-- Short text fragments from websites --
━━━━━━

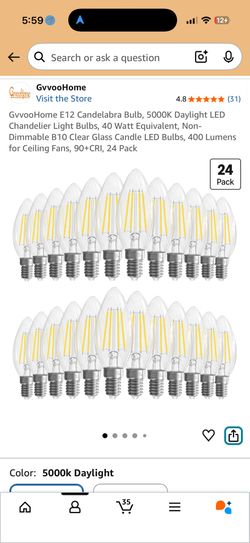 Brand New GvvooHome E12 LED Candelabra Bulbs 24-Pack (5000K Daylight)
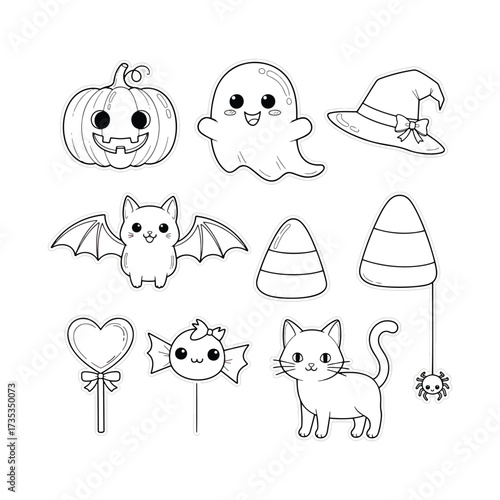 Halloween themed kawaii drawings: pumpkin, ghost, bat, cat, candy.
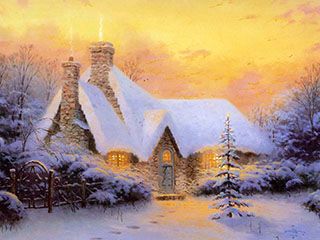 Accogliente cottage invernale - wallpaper preview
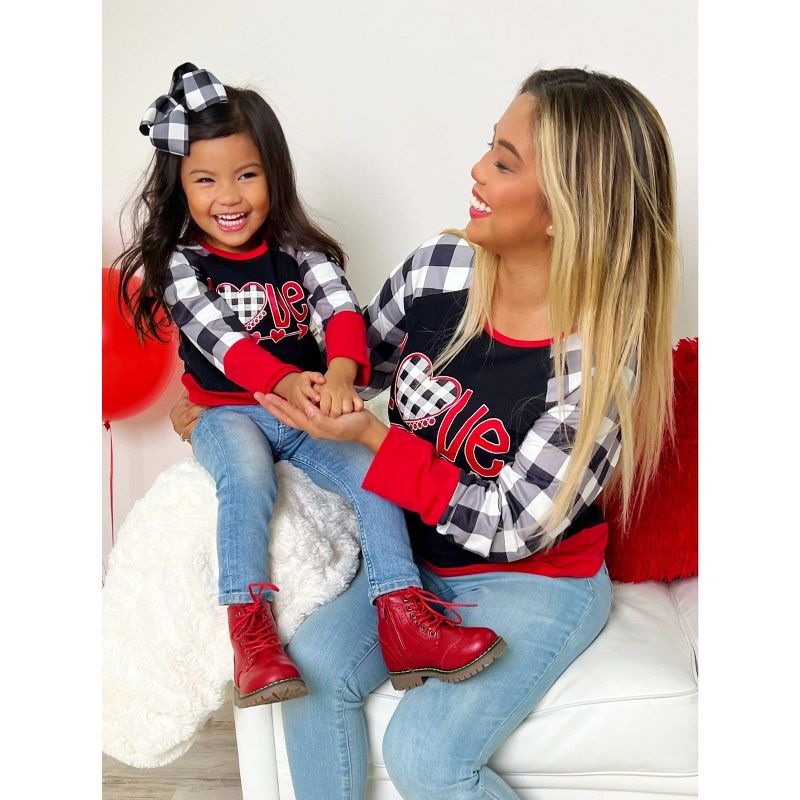 Girls Mommy And Me Cupid's Love Plaid Raglan Tunic - Mia Belle Girls, 1 of 5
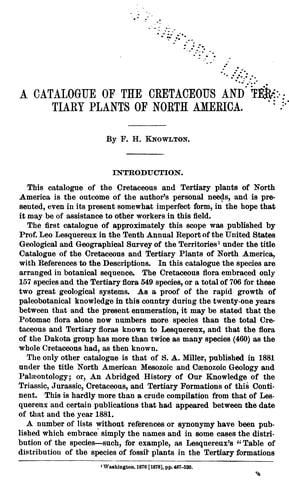 A catalogue of the Cretaceous and Tertiary plants of North America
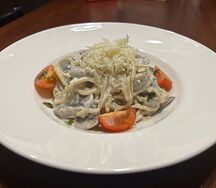Паста с говядиной и шампиньонами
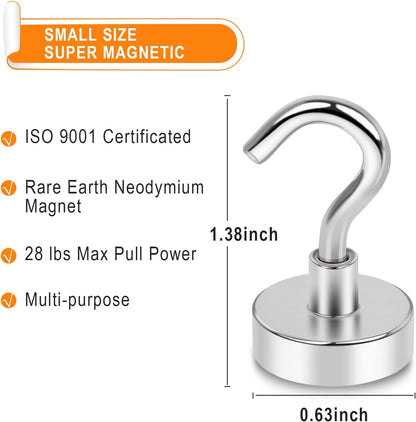 MIKEDE Magnetic Hooks Heavy Duty, 28Lbs Neodymium Magnets with Hooks for Refrigerator, 10Pcs Strong
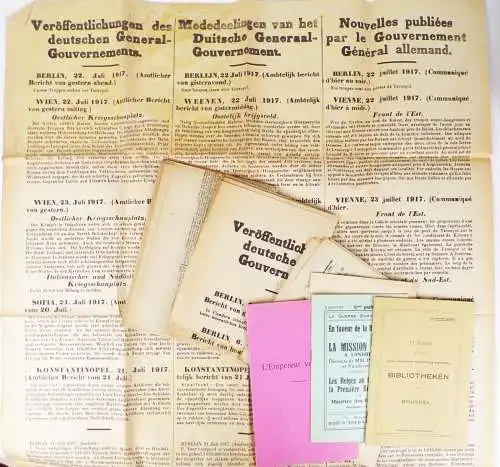 Zeitungen Aushänge Papiere 1 Weltkrieg Konvolut Belgien Frankreich Gouvernement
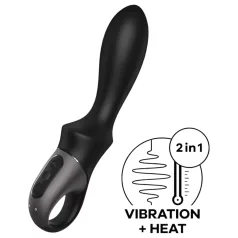   Satisfyer Heat Climax - vibratore anale riscaldante smart - silicone nero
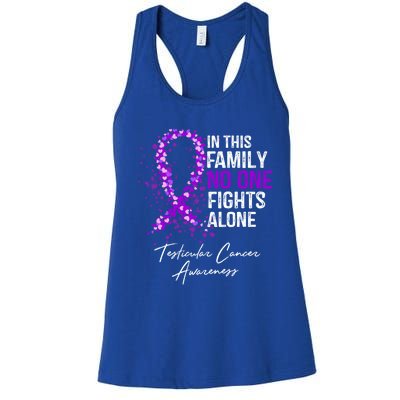 Testicular Cancer Awareness This Family No One Fights Alone Gift Women's Racerback Tank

━━━━━━

-- Exercise directions --
Only the lines from the one that contains "Satisfyer Heat Climax" through the last line of the records may appear in the answer, retyped exactly and with no pictures.

-- Written answer --
   Satisfyer Heat Climax - vibratore anale riscaldante smart - silicone nero
 Testicular Cancer Awareness This Family No One Fights Alone Gift Women's Racerback Tank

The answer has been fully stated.